The waves of anger, fear, dread, revulsion are subsiding. Whew! That was some wild ride. I have yet to start EMDR so I don’t have any illusions about how much progress I must surely have made in that last three-week long emotional purge.
But I do think maybe now I am ready to begin doing the work.
But honestly I am simply enjoying the current emotional calm.
Saw Dick this morning. Relief! He says I’m doing great. Okay. I needed to hear that. The pain and sick feeling came on while I was in Dick’s office. It’s like when you get medication in the hospital and you can feel it spreading through your body. It starts in my gut, deep. Then it flows up to my chest and neck and head and down my arms until I can feel it tingling in every fingertip.
It doesn’t feel good. I slip back into the observer. Let the tears come. If it’s the Angel of Death girl I was, I have to engage my hands. I just keep them down. Can’t let this wave of anger take over my body.
Right now I’m kind of depleted. Exhausted. I can’t believe I wrote a rational letter to the editor last week. They called for permission to publish it.
Meanwhile, this pervasive background of dread pervades my days.
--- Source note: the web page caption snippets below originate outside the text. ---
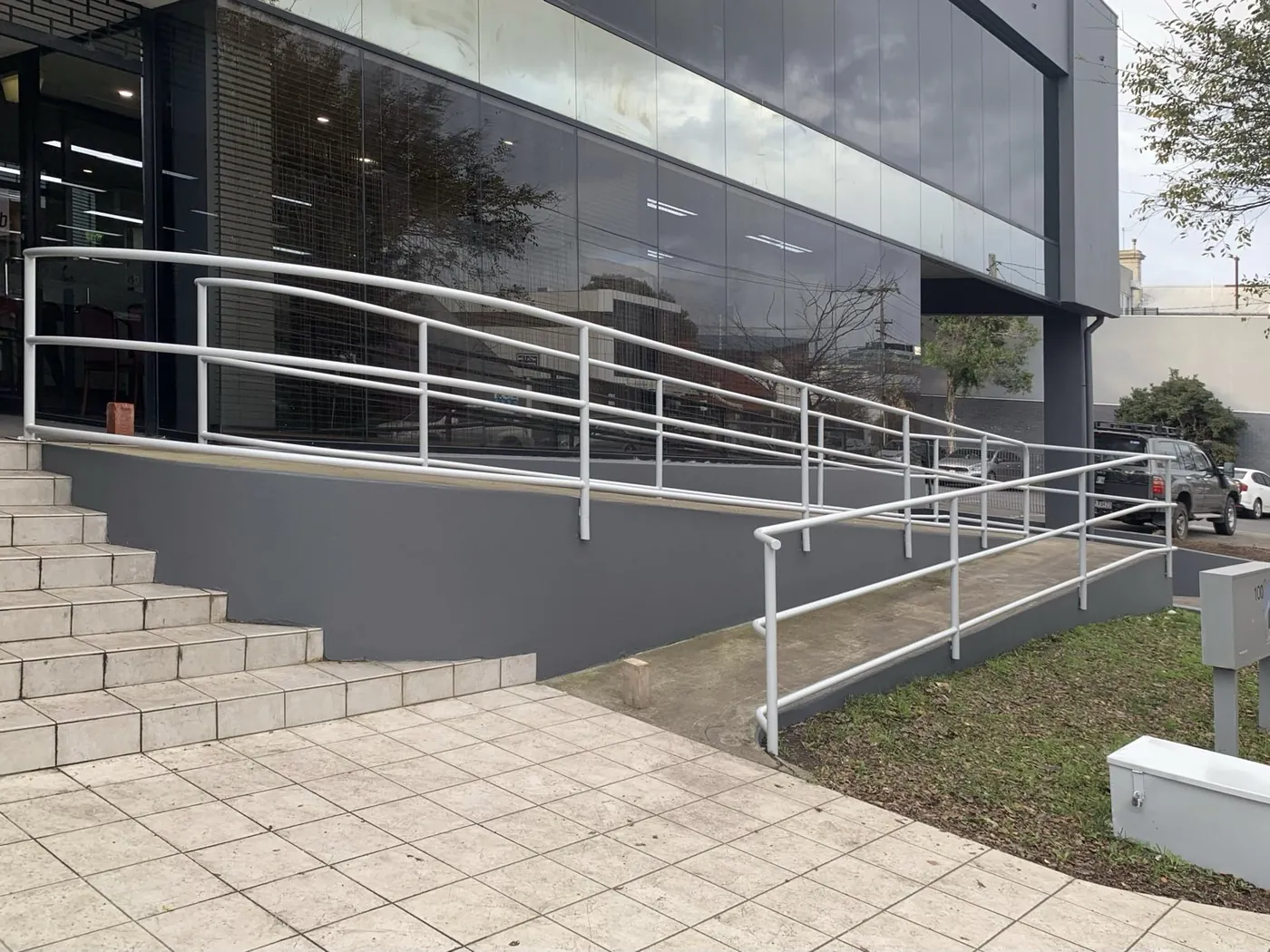 Same entrance after, walls repainted in deep charcoal with the white balustrades left clean, Footscray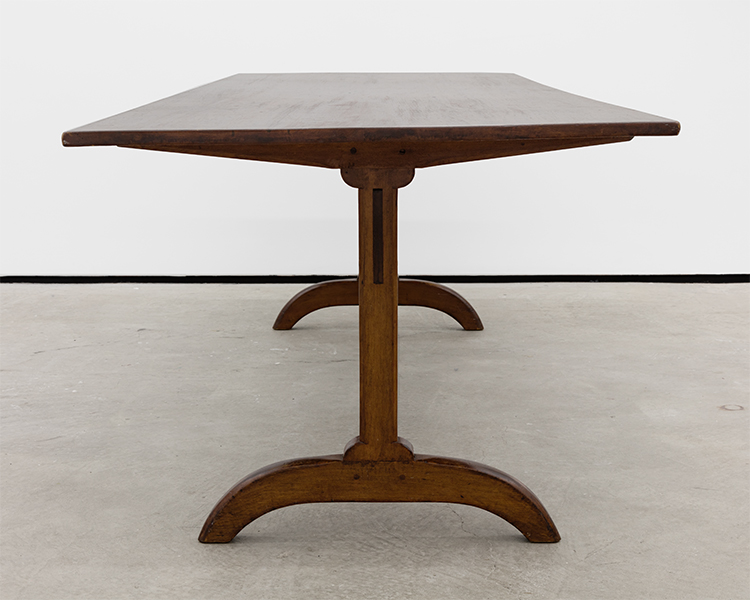 Shaker Trestle Table (ca. 1840). Likely Watervliet, New York. A rare example of a classic Shaker trestle table having a two board top above two beveled tapering cleats supported by carved standards mortised into an arched footed base. Image courtesy Essex Street Gallery.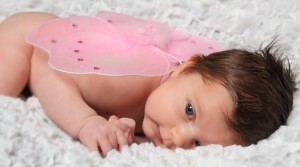 Baby als Schmetterling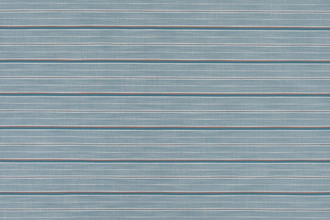 A horizontal stripe woven fabric in turchese, featuring fresh turquoise and blue hues, perfect for coastal-inspired spaces and outdoor living.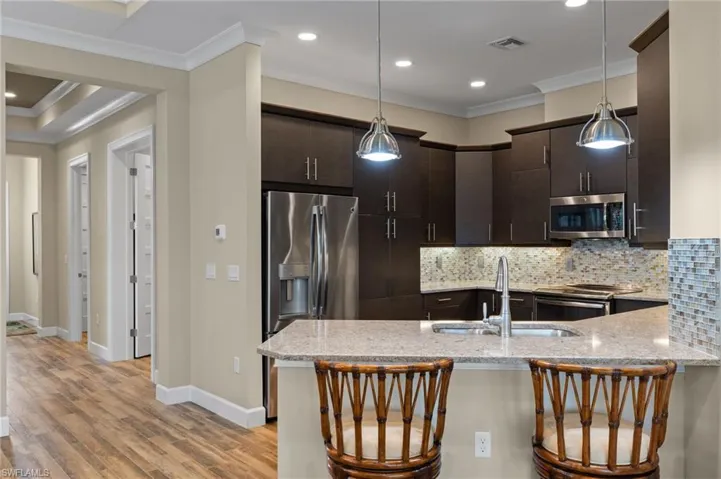 Kitchen featuring a breakfast bar, sink, decorative light fixtures, and appliances with stainless steel finishes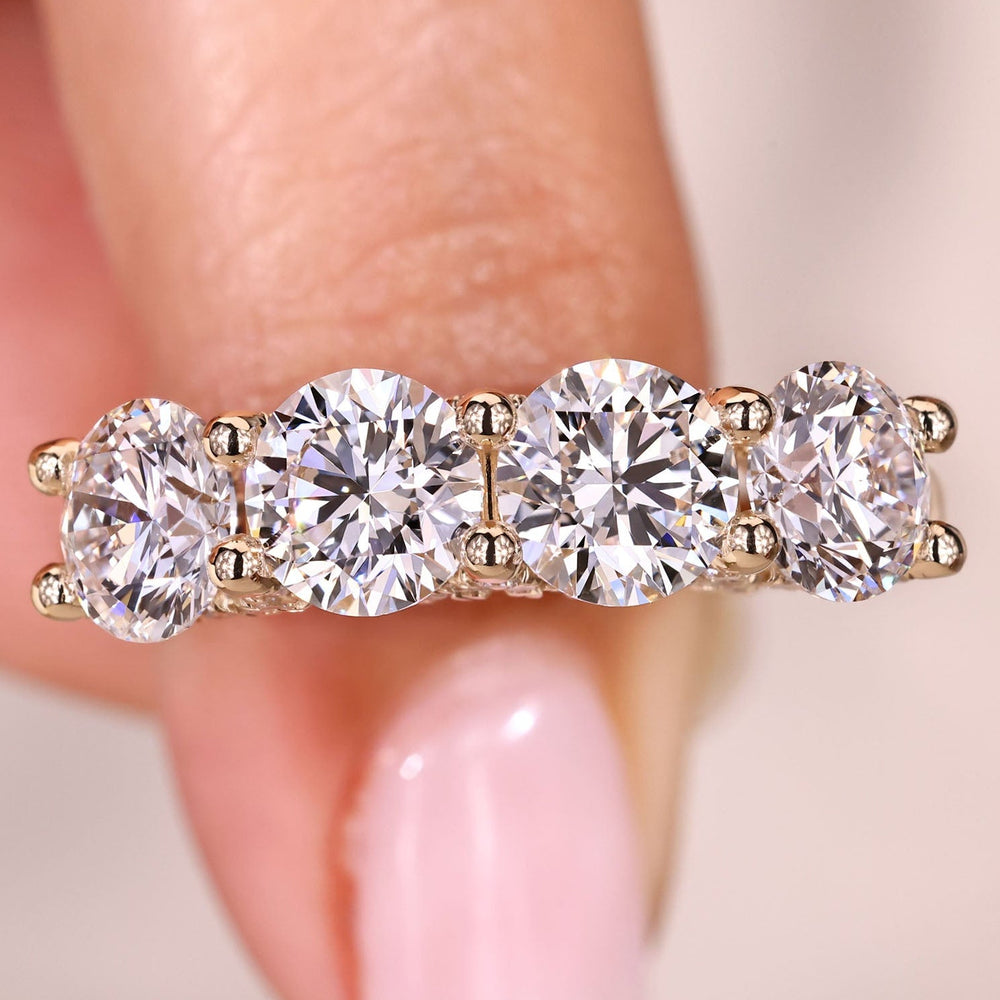 Round diamond wedding band in half eternity style.

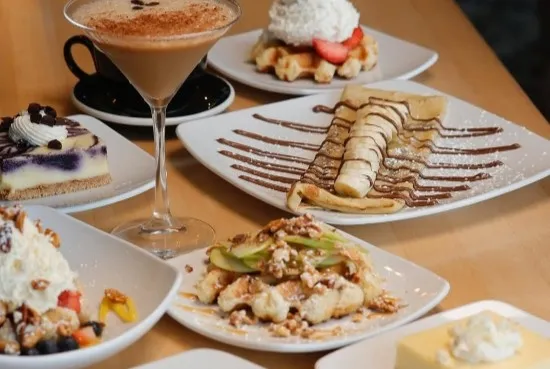 Spread of Taste of Belgium desserts including a Liège waffle with strawberries, a chocolate-drizzled crêpe, cheesecake and an espresso martini on a wood table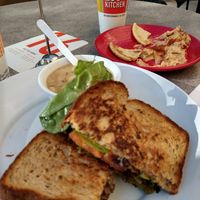 FLT and braised white beans, plus almost-gone spicy hummus at Zoës Kitchen - Rice Village in Houston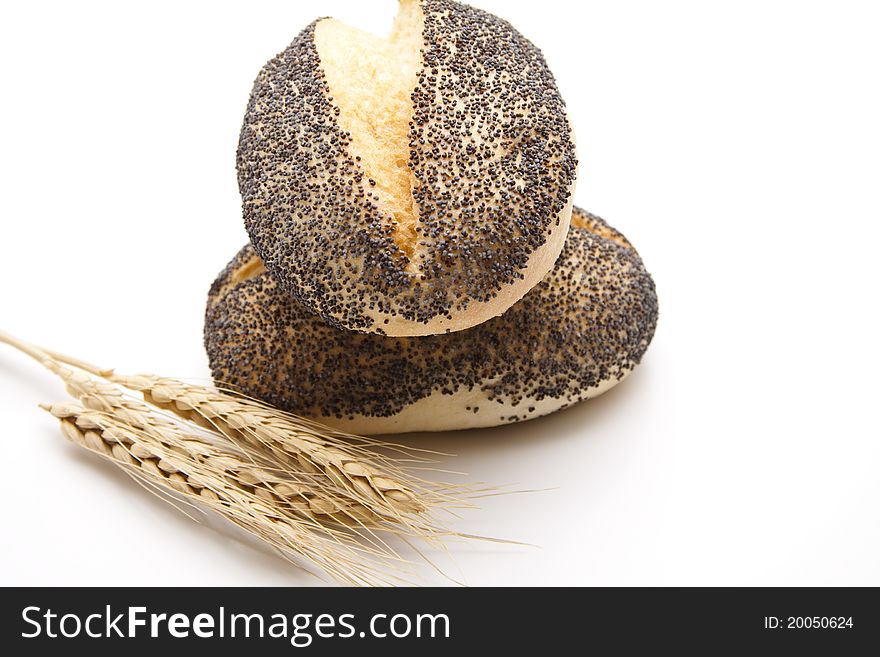 Poppy roll with wheats onto white background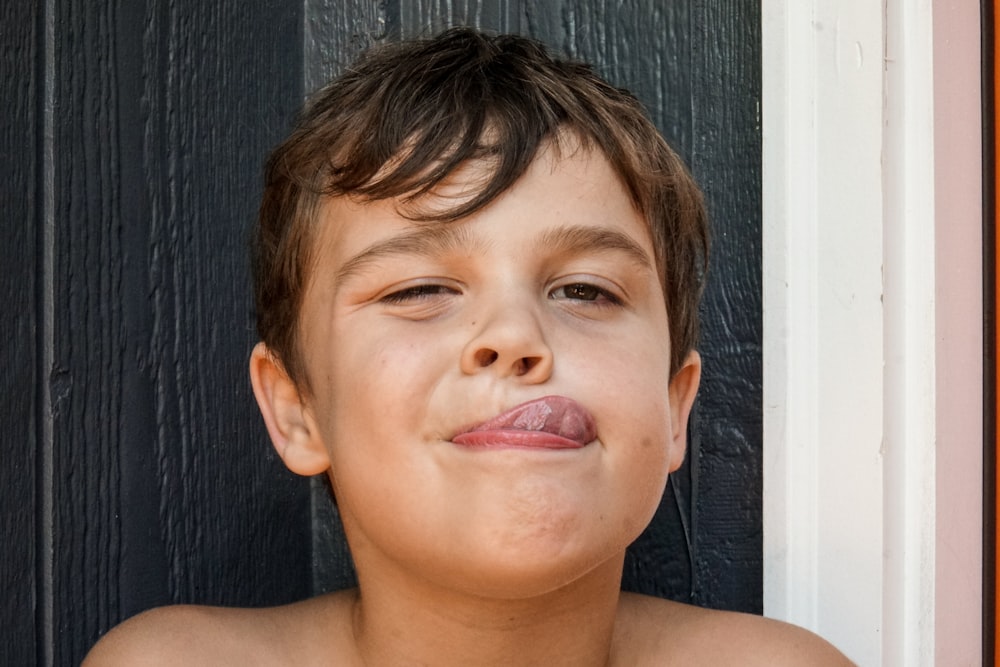 Junge mit braunen Haaren und rotem Lippenstift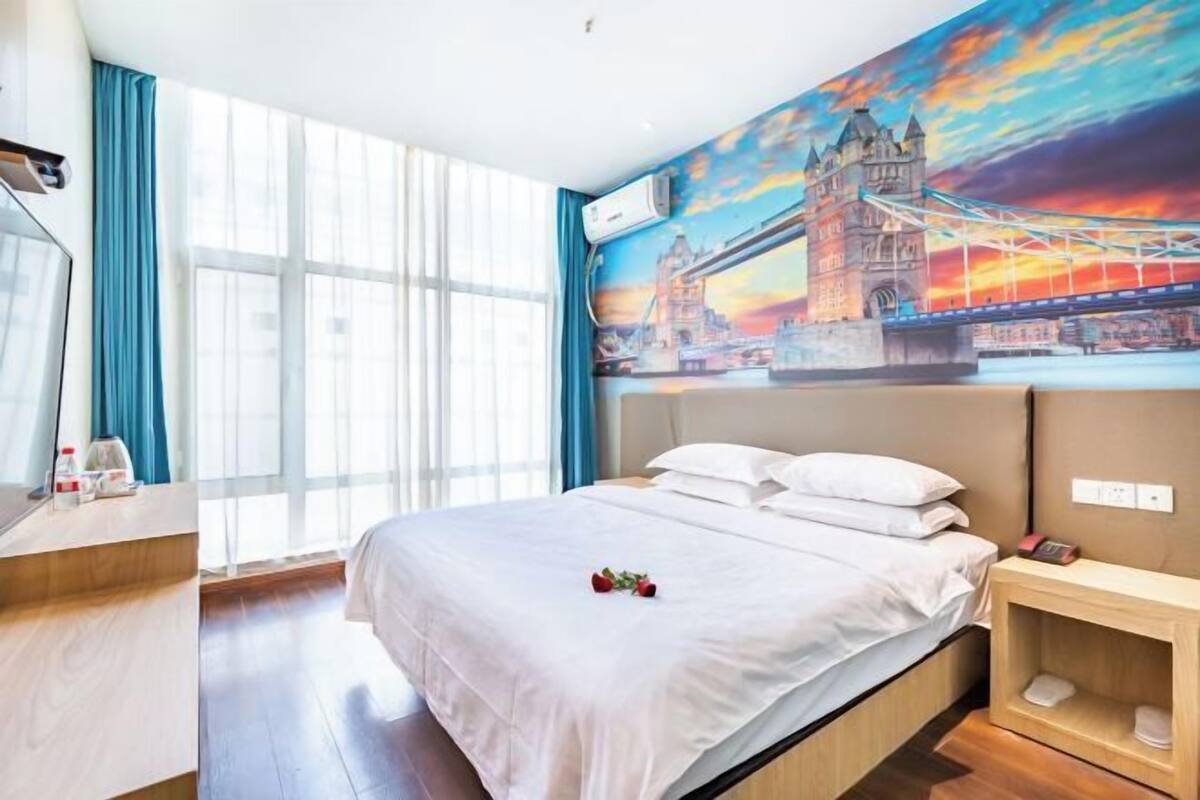 Habitación de hotel con cama, escritorio, silla, ventana con cortinas y un mural en la pared de un puente.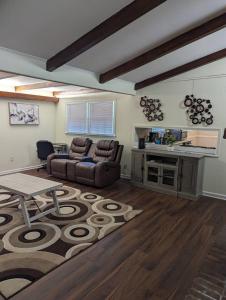 a living room with a couch and a table at Home away from home in Marietta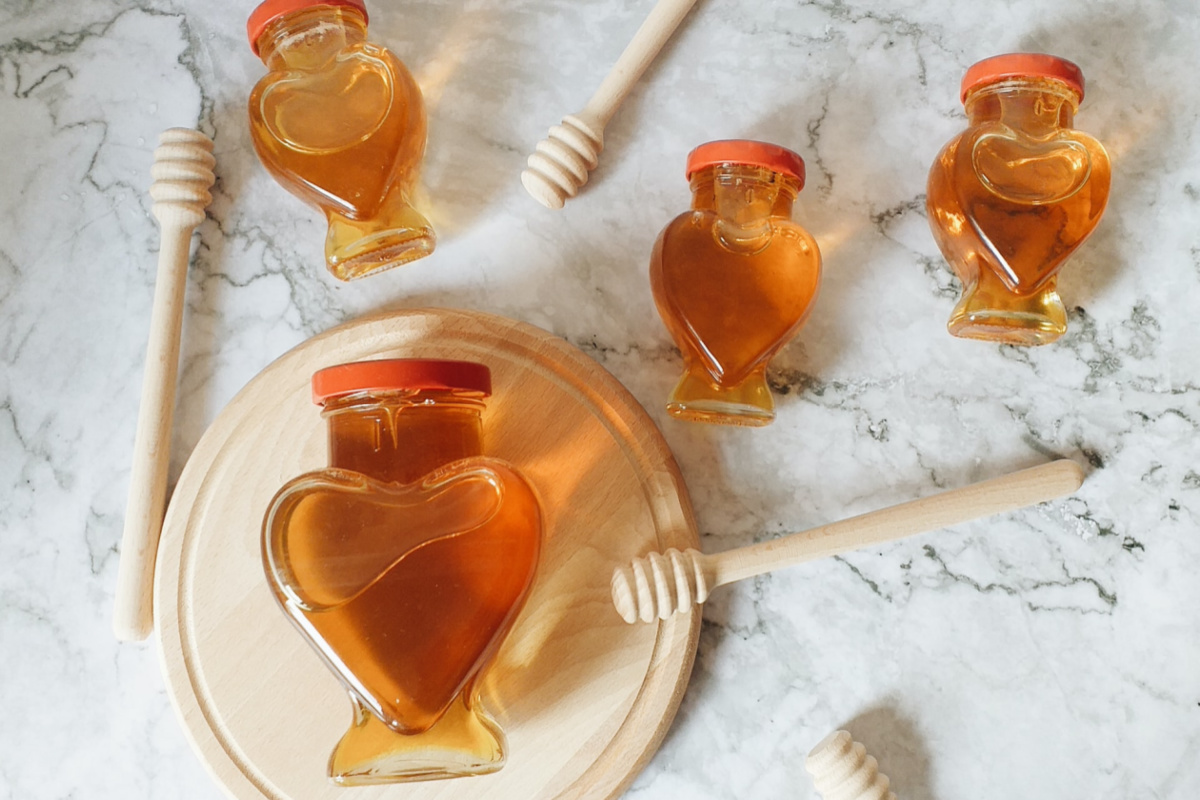 jars of honey with wooden honey dipper sticks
I did not have a happy childhood. It’s a miracle I’m alive.
Ok so actually it takes nothing external to trigger me. I trigger myself. My mind is flooded with memories, disturbing memories, vivid in their realism. It’s like being there. Oh it was awful being there.
I find I need to talk, but mainly I’m too shaken to talk, like my voice would be cracking. After a while I have to stop to prevent overload.
Repeat until you believe it: Your own pain can’t kill you.